Furthermore, to seek one’s sense of self and self-worth in the external world, to live from the outside in, is to channel one’s God-given talents and proclivities into life paths that we believe will meet our desire for security and validation, thereby reducing our ambition to an expression of desperation rather than the response it’s meant to be. By contrast, when our sense of selfhood and self-worth is rooted instead in the abundance of meaning we reap as a consequence of attentively being, we will seek to do things in the world, not out of inner need, but out of inner abundance. For when we have much to give, our ambition to act is just a natural function of the responsibility we feel to give of ourselves.

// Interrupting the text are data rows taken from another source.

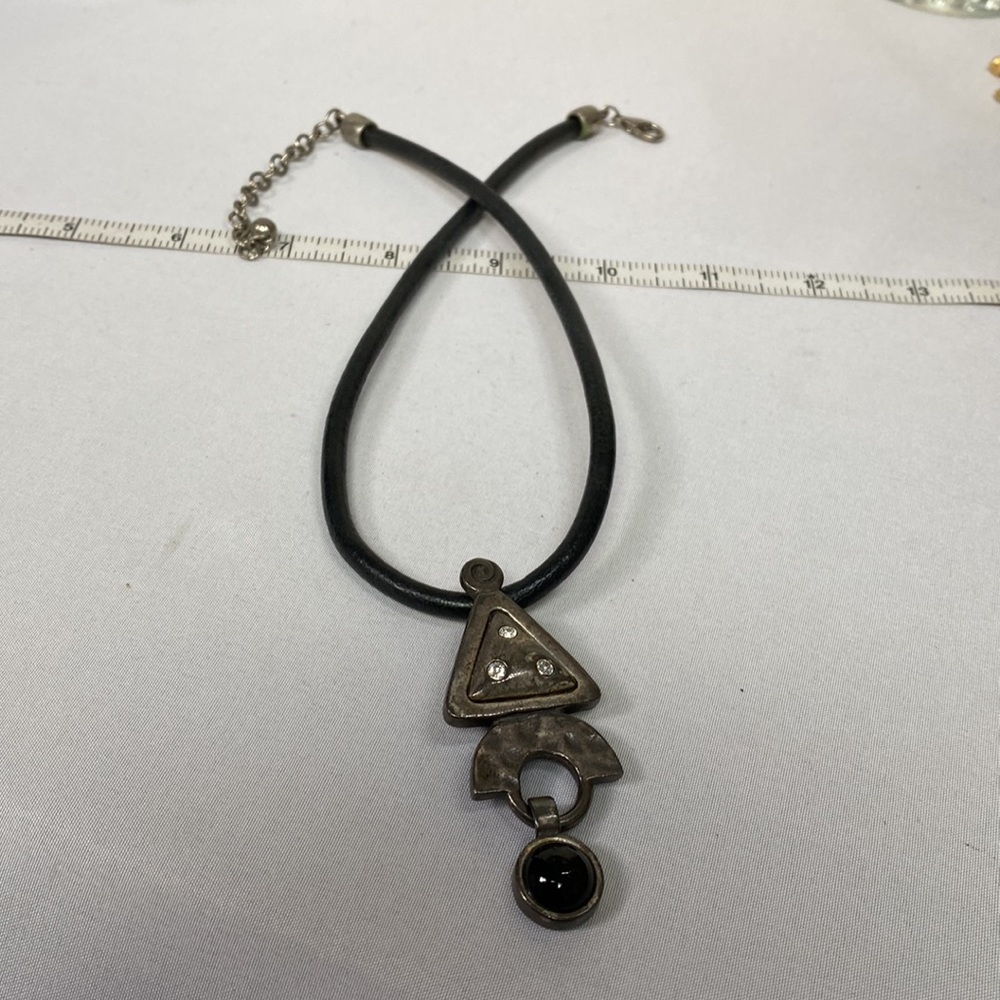 Two interesting statement necklaces - Picture 9 of 9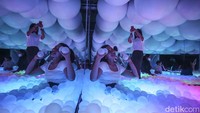 Pengunjung terlihat asyik menikmati pameran seni digital Imagispace,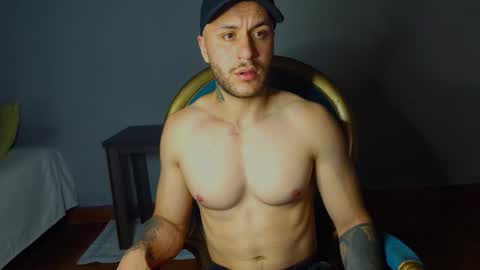 tomDavisXl online show from October 23, 1:07 am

Importantly, this sort of ambition acts quite differently in and upon the world. It’s deeply value-driven and more fearless, as it’s not about advancing yourself so much as advancing a particular vision. This is an ambition that is not driven by the question, “What do I want?” but instead, “What do I have to give?” or “What do I want to see in the world?”

In order to reach this place, we must relinquish our dependency on the external world for our identity. This is the gift bestowed by stay-at-home motherhood. It was when I could no longer seek external affirmation by pursuing my need-driven ambitions that my true self was finally revealed to me.

Into the Wilderness

Since I left my job four and a half years ago, I haven’t lost my sense of self. I have recovered it. I haven’t lost my desires and ambitions either. I have clarified them. I understand that I, like all of us, am here to serve other human beings, beginning with my own children but certainly not ending there. I understand that it’s through service that I’m able to fulfill my own deepest desires, by tapping into forms of joy and meaning that are not transactional rewards for a job well done, but immediate experiences.

I’ve come to view stay-at-home motherhood as a kind of wilderness, a desert, or some other marginal place. Like the seekers and prophets of times past, mothers venture into the wilderness in order to experience what is real and true again. As Wendell Berry has observed, experiences like these have consequences far beyond the individual seeker. 

The encrusted religious structure is not changed by its institutional dependents—they are part of the crust. It is changed by one who goes alone to the wilderness, where he fasts and prays, and returns with cleansed vision… He returns to the community, not necessarily with new truth, but with a new vision of the truth; he sees it more whole than before. 

It is this cleansed vision—one that recognizes the value and necessity of privileging relationships and communal interests over individualist ambitions—that our world is so desperately hungering for. It has the power to transform not only religious structures, but social structures writ large.

The people who do not need the approval of the world are precisely the kind of people the world needs. We need people who are willing to go it alone, who, like the prophets, will venture outside the city walls and into the marginal spaces. There, what is real and true can be felt again.

For me, stay-at-home motherhood has been just such a wilderness.